International career
- Years: Team / Apps / (Points)
- 2008: Ireland A / 1 / (0)
- Correct as of 15 December 2011

= Darragh Hurley =

Irish rugby union player

Darragh Hurley (8 October 1985) is a retired Irish rugby union player, who played for Irish provincial side Munster in the Pro12 and Heineken Cup. Hurley played his club rugby with Cork Constitution in the All-Ireland League. His position was prop, usually loosehead.

==Early life==
Hurley began playing rugby union with his local rugby club Kinsale RFC at the age of 8. Hurley then made the move to Christian Brothers College Cork where he played Senior Cup rugby and was victorious in 2003. When Hurley left school he joined UCC where he remained for two years.

==Munster==
He then went on to join Munster as an academy player. Hurley made his senior debut for Munster in a Celtic League fixture against Border Reivers on 9 September 2006, playing the full 80 minutes. He made his Heineken Cup debut for Munster against Cardiff Blues on 10 December 2006. He then made his first start in the Heineken Cup on 16 December 2006, in the reverse fixture against Cardiff Blues.
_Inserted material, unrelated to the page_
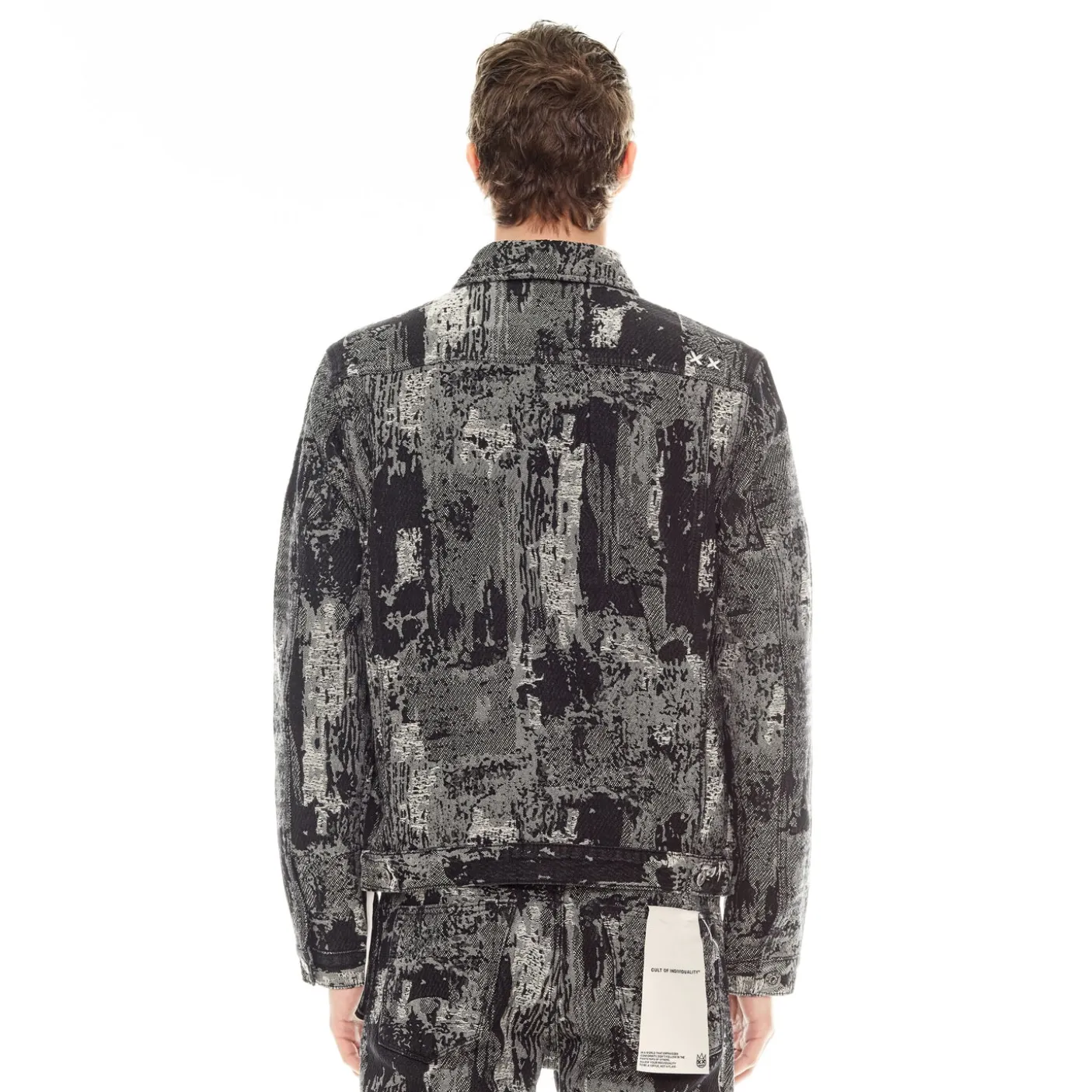 TYPE II DENIM JACKET IN DIGI BLACK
Hurley scored his first try for Munster in their Round 6 2010–11 Heineken Cup clash with London Irish on 22 January 2011.

==Ireland==
Hurley has also represented Ireland at schoolboy level and was part of the U-21 team that partook in the U-21 Rugby World Cup in France in 2003.

He earned his first cap for Ireland A on 23 February 2008, during the 67–7 defeat at the hands of Scotland A.

Hurley was also a member of the Ireland A Churchill Cup squad that won the plate final at the 2008 competition.

==Retirement==
Hurley was forced to retire from rugby in May 2012, due to a lower back injury that he suffered in October 2011.